Lalibela Arts and Handicraft Festival, which is going to be hosted at Geterge Road, is an initiative of a project, “Greening Ethiopia Manufacturing”, financed by European Union and implemented by a collaborative collation Ethiopian Chamber of Commerce & Sectorial Association (ECCSA) of Precise Consult International (PCI), and INOA, a Slovenian company.   

 

Beyond its well-known tourist sites, Lalibela hosts an ancient tradition and culture of producing artifacts and handicraft products. As such, the Festival will promote authentic and sustainable handicrafts made by local artisans and enrich the offerings of the town for international and domestic tourists.

 

The Lalibela Tourism Office supports Lalibela Art and Handicraft Festival. Opening on October 26, 2019, the Festival will see a delegation from the Lalibela city Mayor and the Lalibela Handicraft Cluster members

 

The handicraft industry is basically a cottage industry, accurate data, such as the number of enterprises, production, and job creation, was not available. According to the Director-General of the Federal Micro & Small Enterprises Development Agency (FeMSEDA), the job opportunities the industry creates are estimated to be 1.5-2miilion.  

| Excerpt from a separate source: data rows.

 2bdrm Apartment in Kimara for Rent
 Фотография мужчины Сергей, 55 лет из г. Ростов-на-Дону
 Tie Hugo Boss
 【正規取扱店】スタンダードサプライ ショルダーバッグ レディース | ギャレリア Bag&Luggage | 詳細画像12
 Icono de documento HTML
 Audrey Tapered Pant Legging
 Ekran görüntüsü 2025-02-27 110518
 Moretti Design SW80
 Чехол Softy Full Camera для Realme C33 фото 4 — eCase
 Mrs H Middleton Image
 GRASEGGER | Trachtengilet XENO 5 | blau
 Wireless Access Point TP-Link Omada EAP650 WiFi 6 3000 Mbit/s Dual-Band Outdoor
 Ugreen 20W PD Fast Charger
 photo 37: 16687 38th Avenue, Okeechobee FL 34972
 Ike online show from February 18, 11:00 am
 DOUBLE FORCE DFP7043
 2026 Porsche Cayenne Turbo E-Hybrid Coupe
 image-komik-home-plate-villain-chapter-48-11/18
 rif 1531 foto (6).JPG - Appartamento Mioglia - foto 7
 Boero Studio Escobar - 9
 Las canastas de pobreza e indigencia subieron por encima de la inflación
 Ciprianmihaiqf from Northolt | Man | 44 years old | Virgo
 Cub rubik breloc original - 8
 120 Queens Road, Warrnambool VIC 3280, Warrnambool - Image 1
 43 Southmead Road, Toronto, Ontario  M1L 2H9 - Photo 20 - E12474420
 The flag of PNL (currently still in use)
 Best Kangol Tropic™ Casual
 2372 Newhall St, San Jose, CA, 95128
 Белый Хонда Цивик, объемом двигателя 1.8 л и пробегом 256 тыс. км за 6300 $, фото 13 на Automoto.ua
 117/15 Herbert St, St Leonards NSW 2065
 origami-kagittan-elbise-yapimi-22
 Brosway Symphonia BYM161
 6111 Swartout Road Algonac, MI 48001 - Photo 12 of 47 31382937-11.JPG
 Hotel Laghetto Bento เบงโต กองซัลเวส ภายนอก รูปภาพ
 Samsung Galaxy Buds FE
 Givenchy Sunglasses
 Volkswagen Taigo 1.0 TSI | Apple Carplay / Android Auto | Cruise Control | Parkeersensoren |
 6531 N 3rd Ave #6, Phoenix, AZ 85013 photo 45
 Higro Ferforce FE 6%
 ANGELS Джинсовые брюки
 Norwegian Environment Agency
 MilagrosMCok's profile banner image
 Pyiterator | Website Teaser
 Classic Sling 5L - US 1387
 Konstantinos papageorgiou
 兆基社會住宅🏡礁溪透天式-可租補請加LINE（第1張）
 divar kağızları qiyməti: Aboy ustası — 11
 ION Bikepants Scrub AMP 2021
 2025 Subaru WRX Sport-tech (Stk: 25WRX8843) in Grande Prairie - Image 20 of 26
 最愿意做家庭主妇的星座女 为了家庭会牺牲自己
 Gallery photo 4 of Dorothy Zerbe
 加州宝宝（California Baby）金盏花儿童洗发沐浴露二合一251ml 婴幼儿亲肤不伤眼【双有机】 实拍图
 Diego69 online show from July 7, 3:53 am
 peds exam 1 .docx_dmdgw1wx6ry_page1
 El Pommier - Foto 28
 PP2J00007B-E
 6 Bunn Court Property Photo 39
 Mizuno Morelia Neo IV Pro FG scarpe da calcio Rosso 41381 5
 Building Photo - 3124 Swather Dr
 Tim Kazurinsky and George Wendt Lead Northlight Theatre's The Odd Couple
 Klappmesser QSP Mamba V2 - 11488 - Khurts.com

Trade of Ethiopian handicrafts started several years ago, and some handicraft traders made deals with Germany, Italy, UK, and France. The magnitude of the trade is, however, still very small. Even the transaction value of the biggest trader is still 2,000-3,000 US$ per month, according to MoTI, which is insignificant compared to other industries. If the Ethiopian handicrafts could capture only a few percentages of the market, it would make a huge impact on the industry’s economy.

 

Although Ethiopia has a huge potential in terms of obtaining revenue from the handicraft sector, the sector remains underdeveloped. One challenge that remains to affect the sector is a lack of ways to ensure authenticity. As such, the Lalibela Art and Handicraft Festival will showcase the authentic values embedded for the local artisans and display them to a broader audience of international visitors. With many holidays and the picking season for Ethiopian tourism on the horizon, it is believed that the first-ever Art and Handicraft Festival in Lalibela will pave the road for enhanced visibility and market linkage.